С тех пор как Аня подарила мне киндл, я читаю запоем, хотя нравится мне на самом-то деле в книжках очень немногое. Завела себе книжную полку на goodreads,
вот она. Мне совершенно наплевать на значимость, на увлекательность, на интригу, на литературную ценность, на язык даже - критерий один, складывающийся из какого-то сложного букета гарни: питает меня эта книжка или нет.
При этом одно из моих давних мечтаний - организовать книжный клуб. Но я вряд ли когда это сделаю, потому что у меня ни на что нет времени (это обидно). Зато теперь есть время читать, я читаю в метро, на ходу, за обедом, словом, всюду. Это мое такое "время для себя". Мне его не хватало!
Может, возьму за моду перекладывать сюда мои книжечные записки. Не рецензии никоим образом. Я не хочу писать рецензий. Я хочу чиркать на полях книжек, закладывать их страницы мысленно, выдергивать цитаты, перебирать их пальцами, подпихивать книжку кому-то близкому под бок. Например, так.
Чарлз де Линт. "Зверлинги. В тени другого мира"
Слушайте, такая она классная. Про взросление, про осознавание "своей внутренней пумы" и научение с ней справляться, про ответственность, про выборы лично свои, не чьи-то, не тех даже, кого ты уважаешь. Про нащупывание в мире только своей ноты.
Ну, про подростков, словом)
А еще в кои веки очень нежные там отношения с родителями у героя. То есть с мамой. Так радостно было читать.
Перихан Магден. "Компаньонка"
Дочитала и стерла с киндла в ту же секунду, но не дочитать не могла. Мир глазами невроза, слияние и перенос, дистанция от всего мира, жажда любви, амбивалентная любовь, у вас были проблемы с вашей матерью?
Хочется отряхнуться. Но на изгибы адаптации эта книжка очень похожа. Можно улететь - и вот в это. Если внутри есть крючок
Гудрун Мёбс. "Воскресный ребенок"
Гостевой глазами изнутри. Столько эмоций от этой книжки сразу, ох елки.
"Сначала фрау Фидлер повела меня на кухню. Но это не настоящая кухня. По крайней мере, не такая, как у нас в интернате. В интернате - огромная плита, и огромная раковина, и огромная посудомоечная машина, и большие белые шкафы, где аккуратно поставлена посуда, и всё блестит. Здесь тоже есть плита, но маленькая, и раковина крошечная, и посуда не убрана в шкаф, а кучей громоздится на полке, и ничего не блестит и не сверкает".

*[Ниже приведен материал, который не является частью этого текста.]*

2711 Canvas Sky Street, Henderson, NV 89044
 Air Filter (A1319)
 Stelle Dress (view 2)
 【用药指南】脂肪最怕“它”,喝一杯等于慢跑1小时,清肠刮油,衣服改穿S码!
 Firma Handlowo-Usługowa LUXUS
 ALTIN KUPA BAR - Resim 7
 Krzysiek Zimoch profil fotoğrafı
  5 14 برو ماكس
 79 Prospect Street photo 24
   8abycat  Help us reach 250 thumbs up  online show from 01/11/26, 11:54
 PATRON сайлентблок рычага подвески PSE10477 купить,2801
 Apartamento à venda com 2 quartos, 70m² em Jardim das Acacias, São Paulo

В ШПР нам как можно больше старались дать мира глазами ребенка, который никогда не бывал в семье. Дома. В гостях. Который вот этого нашего базового привычного - не видел, и считает космосом каким-то. Где все непривычно, не так, не изначально понятно. И где, например, сложно понять про то, что греть еду нужно, положив порцию в маленькую кастрюльку из большой, а не всю большую сразу - из потому что готовится все в больших кастрюлях на один раз на всех. Если в учреждении допускали к готовке, да.
А еще что невозможно побыть одному.
А еще что делишь комнату с чужими людьми и вынужден жить как в большой семье, но это не семья, любви нет, скрепляющего элемента нет, и есть только раздражение.
А еще как тяжело, и как рвет душу все это состояние напополам. И страх. И ожидания.
И бешеное вот это старание.
И чуть только появляется в себе уверенность и крепнет - что со мной так нельзя - это объявляют хамством, неудобством, и:
«Нужно ещё подумать, можно ли в сложившихся обстоятельствах отпускать тебя к фрау Фидлер», - сказала она. А что это за обстоятельства, не объяснила.
Я стояла молча и смотрела в пол. Вот, значит, как! Теперь меня больше не хотят отпускать к Улле. А я только-только начала этому радоваться… Разве так можно?!"
"Если б это услышала сестра Франциска, она больше никогда не отпустила бы меня к Улле! Что ж это за воскресная мама, которая чертыхается…"
"- Ну перестань! Ведёшь себя так, будто тут у нас тюрьма какая-то!
Никак я себя не веду! А интернат - он и есть тюрьма!"
"Я теперь и жить толком не могу. Потому что нужно ждать.
В интернате я уже не на месте.
А у Уллы ещё не на месте. Чудно! Вот бы сейчас заснуть и проснуться уже удочерённой. Уснуть крепко, лет на сто, как Спящая красавица".